Bucarest, avril 1945 - Alors que la guerre n'est pas encore achevée mais que les combats ne se déroulent plus sur le sol national, la Roumanie vit une période mouvementée et tourmentée, où le pouvoir est partagé entre les communistes arrivés dans les valises de l'armée rouge et les "libéraux", pour la plupart des fidèles de l'ancien régime qui ont su retourner leur veste à temps. Pour la pègre c'est un âge d'or : la police en sous-effectif, l'armée hors des frontières, de nombreux déserteurs comme recrues et des armes de guerre disponibles à foison. Les communistes ont hérité du contrôle du deuxième district de la capitale, qui s'étend des quartiers huppés du centre-ville, où les hold-up sanglants sont quotidiens, jusqu'aux bidonvilles contrôlés par les gangs.
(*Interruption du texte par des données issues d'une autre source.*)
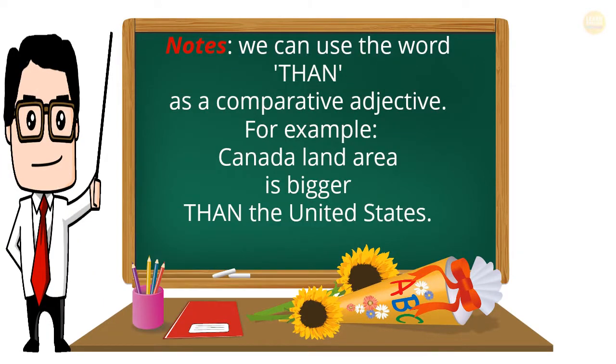Note: We can use the word 'than' with a comparative adjective. For example: Canada's land area is bigger than the United States.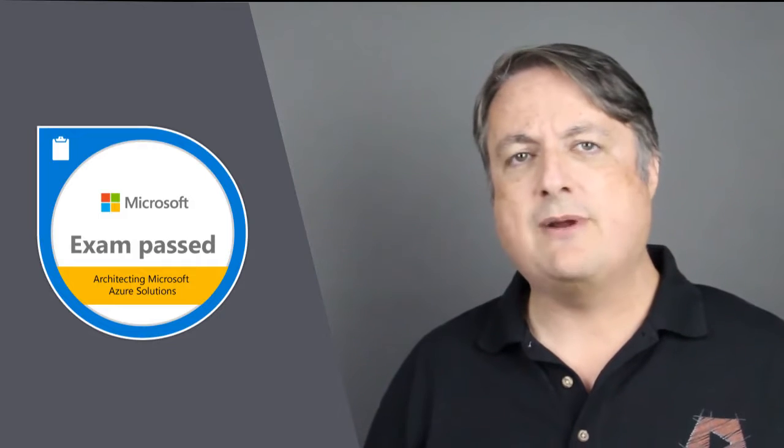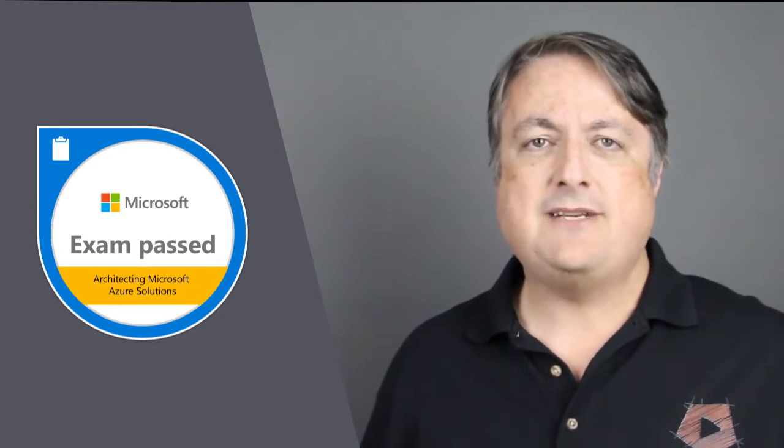Isn't it time for you to get certified as an architect on one of the fastest growing cloud platforms there is, Microsoft Azure? Hi there, my name is Scott Duffy and I have created some of the most popular Microsoft Azure courses on the web. I feel blessed to have taught more than 70,000 students in my online courses, including over 24,000 students in this course.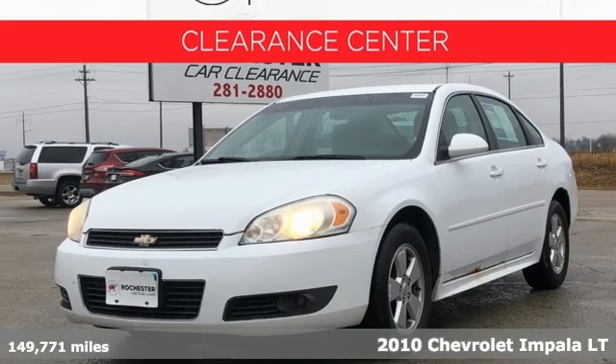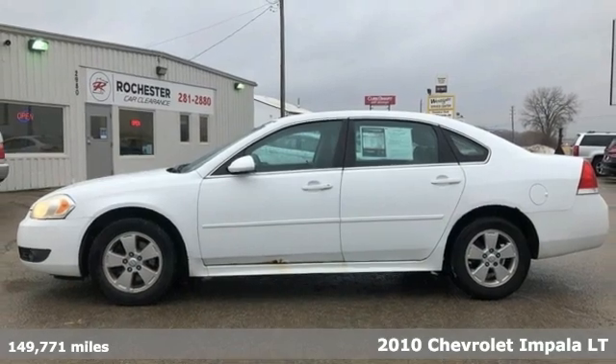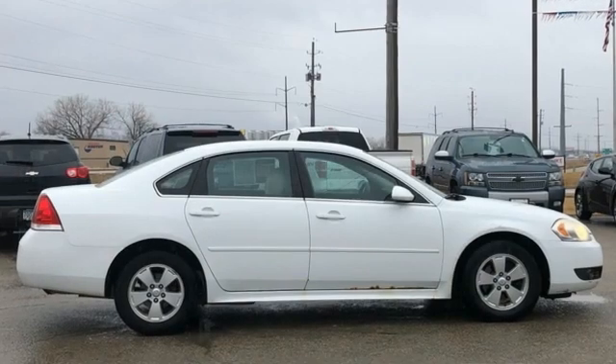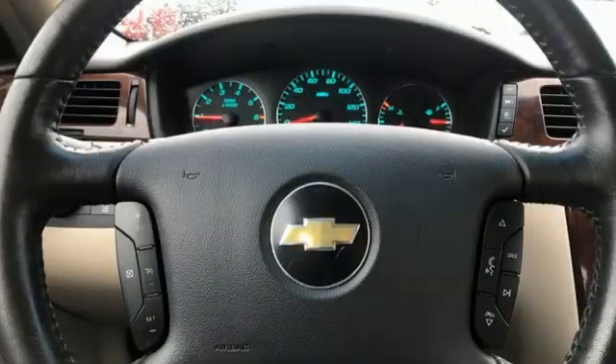It's a 2010 Chevrolet Impala. When you make your entrance in this Impala, everyone will know you've arrived. You'll look forward to every drive with features like these: AM-FM satellite radio, remote engine start, and dual zone climate control.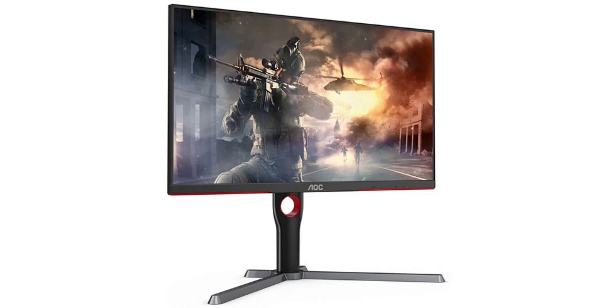Pricing and availability details of the monitor are currently under wraps. In the meantime, check out the AOC U27P3UB 4K IPS monitor that comes with an ergonomic arm providing improved flexibility and adjustability.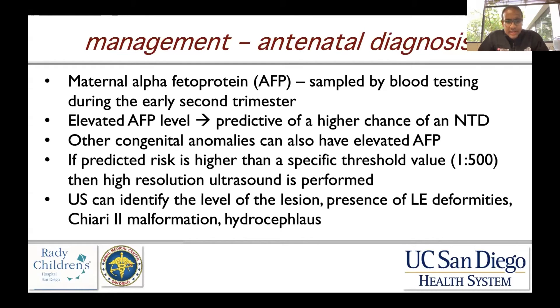Ultrasound can identify the level of the lesion, the presence of lower extremity deformities and movement, Chiari-2 malformation, and hydrocephalus — all of which will be discussed further.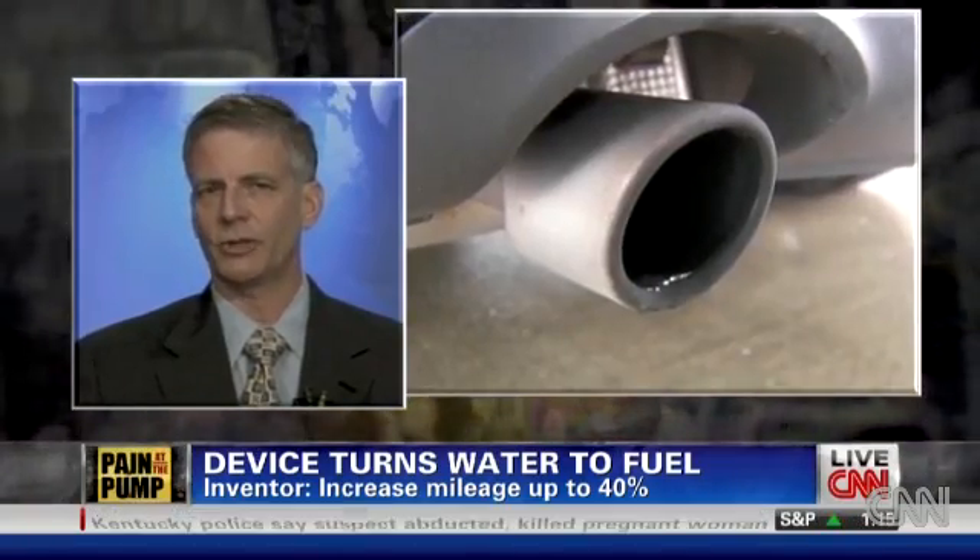So your car partially runs on hydrogen, right? Correct. You're actually introducing hydrogen into the airstream that your car is burning.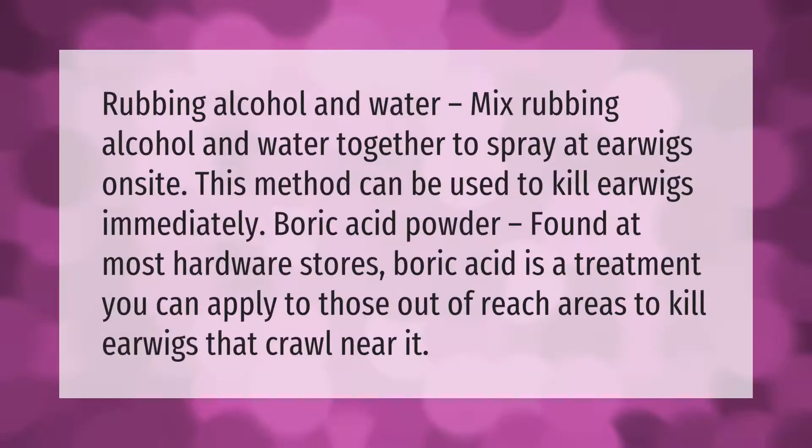Rubbing alcohol and water: mix rubbing alcohol and water together to spray at earwigs on site — this method can be used to kill earwigs immediately. Boric acid powder, found at most hardware stores, is a treatment you can apply to those out-of-reach areas to kill earwigs that crawl near it.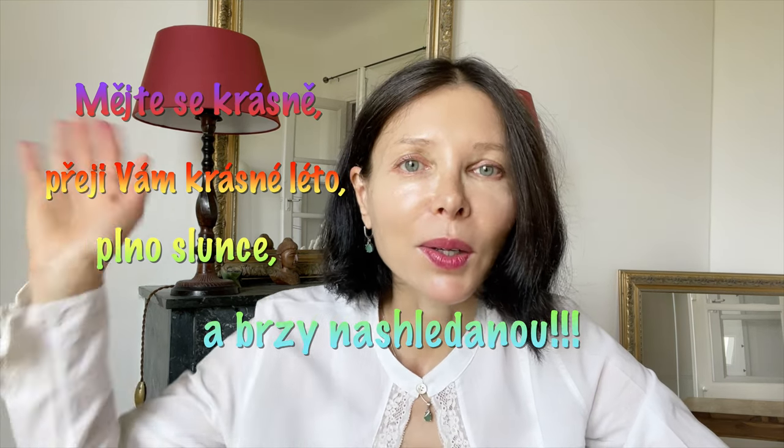Na závěr, krásné studentky a krásný studenti, mějte si krásně, přeji vám krásné léto, plno slunce a brzy nashledanou.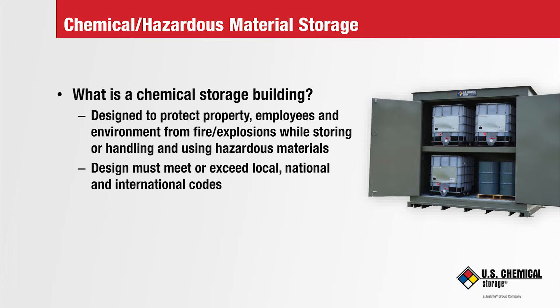Prior to OSHA and the EPA's foundation, the National Fire Protection Association — that's NFPA — and the National Building Codes Association — that's BOCA — were established earlier, around the turn of the 19th century. These organizations have instituted codes that define requirements for chemical building construction that meet minimum strength, fire, and explosion standards. NFPA and BOCA were founded and have been the foundation for the international codes that have come much more recently.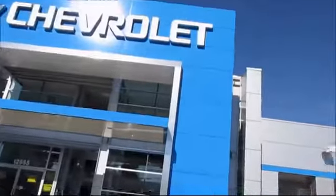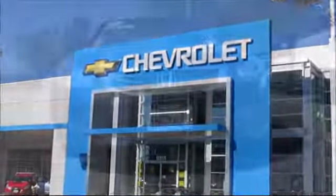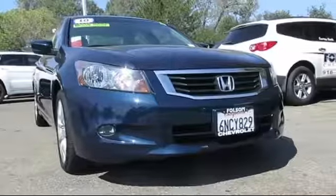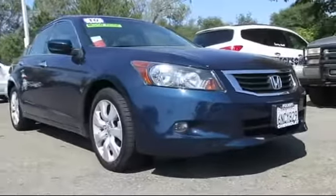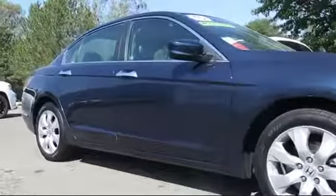When it comes to pre-owned cars, trucks, and SUVs, the best place to buy is here at Folsom Chevrolet. Here's another example of a great Folsom Chevy vehicle, and it comes equipped with keyless entry, alloy wheels, XM satellite radio, and steering wheel controls.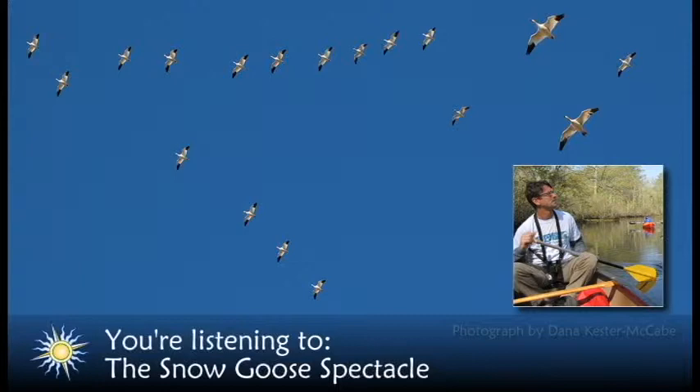There is also a blue phase where the body of the snow goose is bluish gray. This blue color morph is controlled by a single gene, with blue being partially dominant over white. If a blue snow goose mates with a white snow goose, their babies will be blue.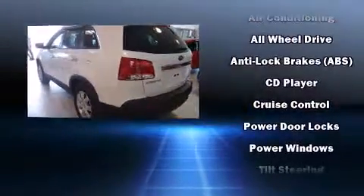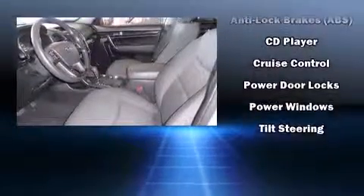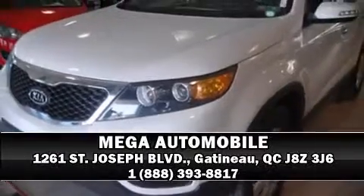All-wheel drive enhances stability in unpredictable circumstances. Our sales reps are knowledgeable and professional. We are here to help you.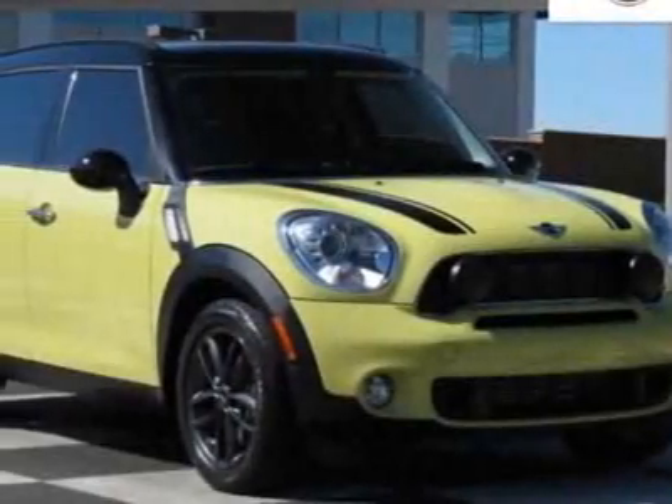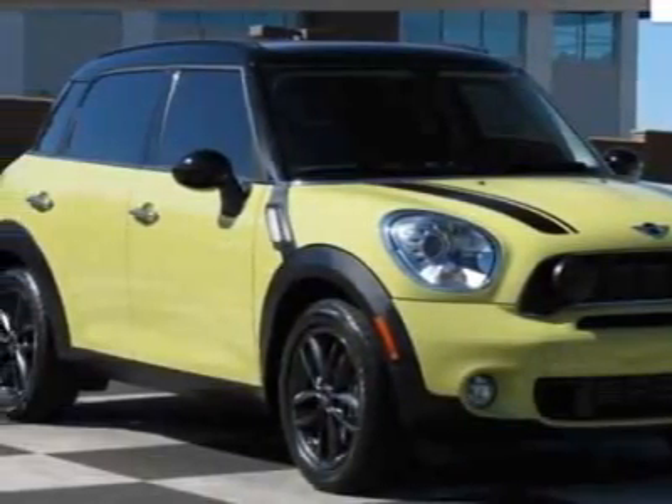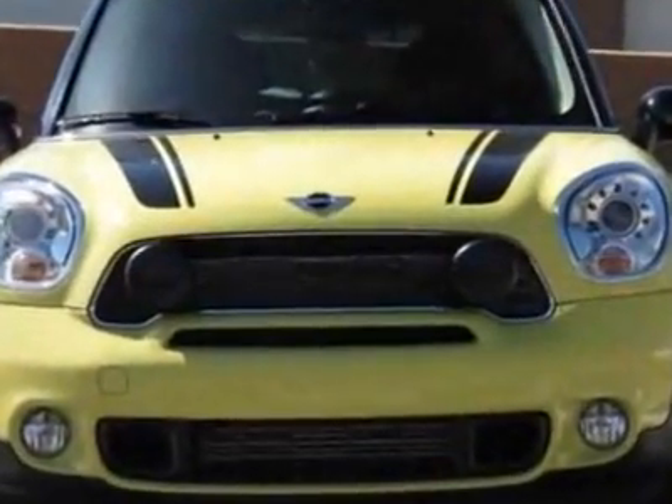Come take a look at this 2011 Mini Cooper Countryman. For your protection, this vehicle has a full factory warranty.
Suite à l'assassinat de son prédécesseur, le parti a mis à la tête du commissariat du district Mihail Roman, un ex-ouvrier et entraîneur de rugby dont la seule expérience en matière de police est d'avoir été prisonnier politique sous l'Ancien régime. Roman, promu commissaire principal, fait la connaissance de ses deux adjoints, Miclovan, le chef de l'antigang local, un "cow-boy" hâbleur et narcissique aux méthodes expéditives, et le second du commissariat, Patulea, policier consciencieux et bon père de famille, dans lequel il ne tarde pas à reconnaître un de ses anciens tortionnaires...

 

 

Premier film roumain purement policier, Cu mâinile curate est la conséquence d'une commande du ministère de l'intérieur. En 1971, se répand dans la population roumaine une rumeur selon laquelle la victoire des communistes aux élections de 1946 (qui entrainera l'établissement de la république populaire) aurait été obtenue suite à des fraudes massives orchestrées à l'époque par ce même ministère de l'intérieur. Pas question évidemment de laisser ladite rumeur se propager, d'autant qu'elle n'est pas complètement dénuée de fondement, pour employer un euphémisme; d'où l'idée de lancer une série de films narrant la prise de pouvoir par les communistes selon la version officielle, mais vue par le petit bout de la lorgnette, soit le point de vue d'un cadre communiste de "base" œuvrant d'abord dans la police puis dans le contre-espionnage, le commissaire puis agent (officiellement fictif) Mihail Roman. Série dont le premier opus, pas directement propagandiste, devait servir d'introduction au personnage tout en présentant le plus fidèlement possible le chaos du Bucarest de la toute fin de guerre, avec aux manettes Titus Popovici pour le scénario (à la fois l'un des meilleurs écrivains roumains contemporains et un membre du Politburo dont le zèle communiste ne saurait être mis en doute) et Sergiu Nicolaescu (l'un des meilleurs réalisateurs de films d'action au monde à l'époque) à la mise en scène.

 

 

Mais tout ça se fait un peu dans l'urgence, et quand les premiers tours de manivelle sont donnés le scénario n'est pas encore achevé, et il sera modifié au fur et à mesure de l'avancement du film. Ce qui peut expliquer une structure assez atypique en deux parties, avec un changement de tonalité et de "centre de gravité" en plein milieu du film. Car à mi-métrage, celui qui dans la première partie semble être le personnage principal, à savoir Mihail Roman communiste bon teint d'origine modeste, brave type, humain capable d'empathie, sachant reconnaître ses torts et pratiquant le pardon des offenses (etc.), va céder la vedette à un collègue donc les qualités humaines sont beaucoup moins mises en valeur.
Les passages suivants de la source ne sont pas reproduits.